I don't know whether these really are reasons, but here is an attempt at optimism: https://www.wsj.com/articles/recep-tayyip-erdogans-narrow-win-could-end-up-undermining-him-1492371982
http://www.nytimes.com/2008/02/19/world/europe/19turkey.html
Tension About Religion and Class in Turkey
By SABRINA TAVERNISEFEB. 19, 2008
ISTANBUL — When two women in Islamic head scarves were spotted in an Italian restaurant in this city’s new shopping mall this month, Gulbin Simitcioglu did a double take.
Covered women, long seen as backward peasants from the countryside, “have started to be everywhere,” said Ms. Simitcioglu, a sales clerk in an Italian clothing store, and it is making women like her more than a little uncomfortable. “We are Turkey’s image. They are ruining it.”
As Turkey lurches toward a repeal of a ban on head scarves at universities, the country’s secular upper middle class is feeling increasingly threatened.

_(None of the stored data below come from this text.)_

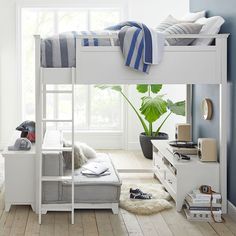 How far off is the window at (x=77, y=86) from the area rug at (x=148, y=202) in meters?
2.70

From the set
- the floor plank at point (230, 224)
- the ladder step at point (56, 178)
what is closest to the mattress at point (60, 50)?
the ladder step at point (56, 178)

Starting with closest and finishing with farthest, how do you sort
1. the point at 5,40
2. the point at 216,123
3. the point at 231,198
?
the point at 231,198
the point at 216,123
the point at 5,40

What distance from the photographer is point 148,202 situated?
441cm

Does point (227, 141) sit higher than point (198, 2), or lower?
lower

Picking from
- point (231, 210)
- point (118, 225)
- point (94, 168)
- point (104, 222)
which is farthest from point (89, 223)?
point (231, 210)

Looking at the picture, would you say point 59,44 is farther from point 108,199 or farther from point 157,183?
point 157,183

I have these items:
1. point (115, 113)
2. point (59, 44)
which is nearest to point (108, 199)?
point (59, 44)

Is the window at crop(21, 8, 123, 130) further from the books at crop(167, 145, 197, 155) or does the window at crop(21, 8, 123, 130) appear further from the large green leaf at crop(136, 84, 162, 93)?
the books at crop(167, 145, 197, 155)

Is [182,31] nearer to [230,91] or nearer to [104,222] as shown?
[230,91]

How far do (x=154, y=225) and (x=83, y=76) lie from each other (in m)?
1.24

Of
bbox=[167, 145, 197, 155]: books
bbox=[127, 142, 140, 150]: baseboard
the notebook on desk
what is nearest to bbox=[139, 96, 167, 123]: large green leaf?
bbox=[127, 142, 140, 150]: baseboard

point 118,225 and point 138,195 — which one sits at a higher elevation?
point 138,195

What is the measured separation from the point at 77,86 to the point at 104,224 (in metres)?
3.76

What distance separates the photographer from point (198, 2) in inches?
208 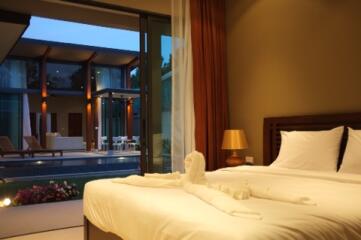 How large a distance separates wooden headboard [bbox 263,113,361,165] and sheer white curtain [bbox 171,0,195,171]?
0.93 m

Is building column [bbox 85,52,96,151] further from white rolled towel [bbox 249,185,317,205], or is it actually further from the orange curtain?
white rolled towel [bbox 249,185,317,205]

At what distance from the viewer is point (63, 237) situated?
354 centimetres

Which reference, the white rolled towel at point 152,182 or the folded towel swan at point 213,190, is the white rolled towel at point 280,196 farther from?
the white rolled towel at point 152,182

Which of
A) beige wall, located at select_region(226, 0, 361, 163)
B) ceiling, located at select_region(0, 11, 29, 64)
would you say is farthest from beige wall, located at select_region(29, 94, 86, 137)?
beige wall, located at select_region(226, 0, 361, 163)

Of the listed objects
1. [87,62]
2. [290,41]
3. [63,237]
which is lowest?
[63,237]

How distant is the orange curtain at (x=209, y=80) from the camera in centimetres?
441

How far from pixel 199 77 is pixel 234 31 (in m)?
0.84

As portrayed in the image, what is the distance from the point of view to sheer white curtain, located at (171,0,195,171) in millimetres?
4336

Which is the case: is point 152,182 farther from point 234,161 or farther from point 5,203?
point 5,203

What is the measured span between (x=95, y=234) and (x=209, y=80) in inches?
101

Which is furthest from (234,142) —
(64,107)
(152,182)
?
(64,107)

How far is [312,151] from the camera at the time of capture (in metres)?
3.13

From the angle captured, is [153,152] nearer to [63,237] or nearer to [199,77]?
[199,77]

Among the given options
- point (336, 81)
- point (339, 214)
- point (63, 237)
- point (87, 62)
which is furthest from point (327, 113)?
point (87, 62) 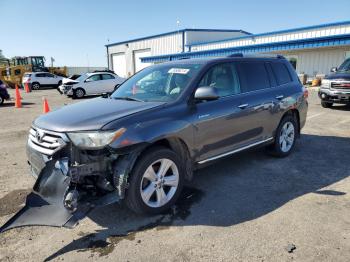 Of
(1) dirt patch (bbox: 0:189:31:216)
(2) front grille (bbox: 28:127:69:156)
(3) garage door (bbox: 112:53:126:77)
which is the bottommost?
(1) dirt patch (bbox: 0:189:31:216)

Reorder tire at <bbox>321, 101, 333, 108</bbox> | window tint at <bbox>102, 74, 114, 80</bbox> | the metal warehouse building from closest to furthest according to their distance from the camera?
tire at <bbox>321, 101, 333, 108</bbox>
window tint at <bbox>102, 74, 114, 80</bbox>
the metal warehouse building

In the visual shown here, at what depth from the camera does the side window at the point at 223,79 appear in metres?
4.40

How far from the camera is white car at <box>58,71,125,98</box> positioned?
19348 millimetres

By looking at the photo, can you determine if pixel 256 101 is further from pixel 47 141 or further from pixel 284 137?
pixel 47 141

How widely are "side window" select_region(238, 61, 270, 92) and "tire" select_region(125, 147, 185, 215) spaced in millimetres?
1844

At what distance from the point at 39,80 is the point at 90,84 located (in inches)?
541

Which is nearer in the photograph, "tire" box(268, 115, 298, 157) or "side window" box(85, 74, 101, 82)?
"tire" box(268, 115, 298, 157)

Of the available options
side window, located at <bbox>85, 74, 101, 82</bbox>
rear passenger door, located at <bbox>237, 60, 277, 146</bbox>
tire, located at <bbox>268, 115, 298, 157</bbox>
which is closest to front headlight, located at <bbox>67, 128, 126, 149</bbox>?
rear passenger door, located at <bbox>237, 60, 277, 146</bbox>

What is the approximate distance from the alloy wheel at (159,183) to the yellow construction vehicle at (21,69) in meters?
34.0

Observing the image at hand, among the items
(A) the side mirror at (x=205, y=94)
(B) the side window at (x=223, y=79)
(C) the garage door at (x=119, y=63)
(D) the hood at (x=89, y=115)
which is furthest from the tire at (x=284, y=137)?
(C) the garage door at (x=119, y=63)

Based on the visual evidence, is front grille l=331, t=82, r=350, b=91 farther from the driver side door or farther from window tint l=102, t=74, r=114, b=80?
window tint l=102, t=74, r=114, b=80

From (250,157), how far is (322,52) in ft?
65.8

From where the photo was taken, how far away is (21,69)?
34.9m

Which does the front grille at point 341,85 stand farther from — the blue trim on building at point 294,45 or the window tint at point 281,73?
the blue trim on building at point 294,45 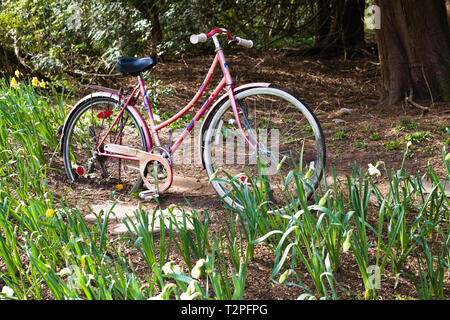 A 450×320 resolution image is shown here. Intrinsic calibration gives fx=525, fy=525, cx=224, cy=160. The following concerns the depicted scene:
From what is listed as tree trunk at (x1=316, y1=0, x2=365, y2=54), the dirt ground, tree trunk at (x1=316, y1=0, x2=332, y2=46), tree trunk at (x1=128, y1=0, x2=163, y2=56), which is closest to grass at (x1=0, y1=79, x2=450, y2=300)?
the dirt ground

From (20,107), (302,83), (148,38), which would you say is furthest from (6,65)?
(302,83)

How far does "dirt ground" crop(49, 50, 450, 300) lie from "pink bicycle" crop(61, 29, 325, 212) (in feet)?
0.48

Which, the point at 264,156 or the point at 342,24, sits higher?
the point at 342,24

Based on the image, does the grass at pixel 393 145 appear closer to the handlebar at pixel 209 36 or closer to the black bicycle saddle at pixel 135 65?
the handlebar at pixel 209 36

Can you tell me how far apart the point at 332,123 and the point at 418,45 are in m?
1.07

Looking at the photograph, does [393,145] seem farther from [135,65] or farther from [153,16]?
[153,16]

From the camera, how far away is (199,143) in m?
3.17

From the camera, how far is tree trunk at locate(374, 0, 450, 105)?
4.75m

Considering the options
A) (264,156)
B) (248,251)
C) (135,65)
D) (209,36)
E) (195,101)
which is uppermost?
(209,36)

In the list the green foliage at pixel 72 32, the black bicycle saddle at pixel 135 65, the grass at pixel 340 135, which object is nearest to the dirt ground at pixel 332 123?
the grass at pixel 340 135

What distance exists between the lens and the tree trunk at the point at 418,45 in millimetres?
4746

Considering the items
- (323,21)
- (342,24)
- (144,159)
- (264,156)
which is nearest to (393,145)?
(264,156)

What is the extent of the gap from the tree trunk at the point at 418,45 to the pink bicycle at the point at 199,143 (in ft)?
4.07

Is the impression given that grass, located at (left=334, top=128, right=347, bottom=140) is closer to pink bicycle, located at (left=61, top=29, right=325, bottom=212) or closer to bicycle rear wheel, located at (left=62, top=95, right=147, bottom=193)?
pink bicycle, located at (left=61, top=29, right=325, bottom=212) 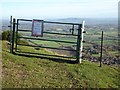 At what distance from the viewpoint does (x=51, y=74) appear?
29.8 feet

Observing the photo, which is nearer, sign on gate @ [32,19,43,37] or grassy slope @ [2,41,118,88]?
grassy slope @ [2,41,118,88]

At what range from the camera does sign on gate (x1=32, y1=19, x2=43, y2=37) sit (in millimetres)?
11383

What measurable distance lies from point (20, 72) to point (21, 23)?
3.65m

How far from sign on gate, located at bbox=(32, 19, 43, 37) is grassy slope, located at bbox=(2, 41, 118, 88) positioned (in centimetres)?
124

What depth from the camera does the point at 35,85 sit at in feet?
26.8

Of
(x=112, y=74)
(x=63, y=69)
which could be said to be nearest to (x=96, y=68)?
(x=112, y=74)

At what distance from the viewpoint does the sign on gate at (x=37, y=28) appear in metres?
11.4

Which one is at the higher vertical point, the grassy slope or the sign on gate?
the sign on gate

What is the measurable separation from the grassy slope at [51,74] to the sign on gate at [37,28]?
124cm

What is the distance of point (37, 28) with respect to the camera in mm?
11516

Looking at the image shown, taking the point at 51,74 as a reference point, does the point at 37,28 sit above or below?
above

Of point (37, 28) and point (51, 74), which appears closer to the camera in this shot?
point (51, 74)

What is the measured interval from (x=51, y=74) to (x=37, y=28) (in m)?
2.94

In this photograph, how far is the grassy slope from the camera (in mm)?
8367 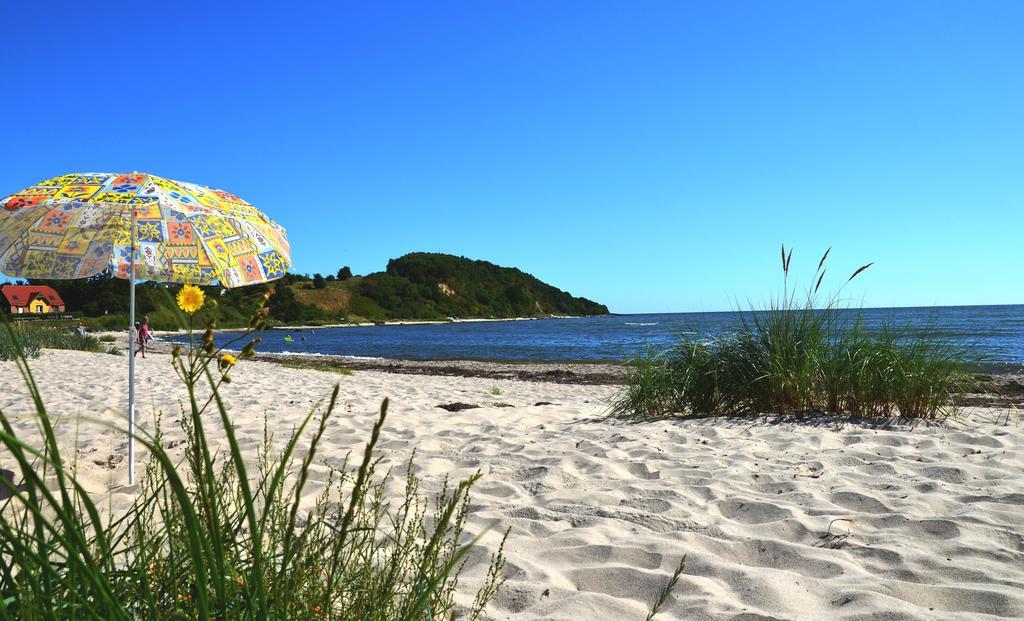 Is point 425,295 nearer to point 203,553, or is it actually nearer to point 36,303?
point 36,303

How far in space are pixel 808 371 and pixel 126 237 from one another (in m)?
5.00

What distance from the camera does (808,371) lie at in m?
5.82

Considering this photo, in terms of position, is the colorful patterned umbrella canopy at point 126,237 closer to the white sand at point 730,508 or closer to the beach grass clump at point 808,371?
the white sand at point 730,508

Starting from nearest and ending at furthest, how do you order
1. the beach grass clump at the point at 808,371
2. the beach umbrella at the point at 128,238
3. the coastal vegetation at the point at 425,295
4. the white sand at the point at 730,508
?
the white sand at the point at 730,508
the beach umbrella at the point at 128,238
the beach grass clump at the point at 808,371
the coastal vegetation at the point at 425,295

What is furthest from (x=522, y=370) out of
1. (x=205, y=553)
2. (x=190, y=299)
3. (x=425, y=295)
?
(x=425, y=295)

Religious Turks, once the underclass of society here, have become educated and middle class, and are moving into urban spaces that were once the exclusive domain of the elite. Now the repeal of the scarf ban — pressed by Prime Minister Recep Tayyip Erdogan, passed by Parliament and now just awaiting an official signature — is again setting the groups against each other, unleashing fears that have as much to do with class rivalry as with the growing influence of Islam.
Only potential reason for optimism is that the election was likely rigged, which might possibly provide grounds for overturning the result. Also, there's still an outside shot that the army stages a real coup and/or that the PKK blows up the presidential palace.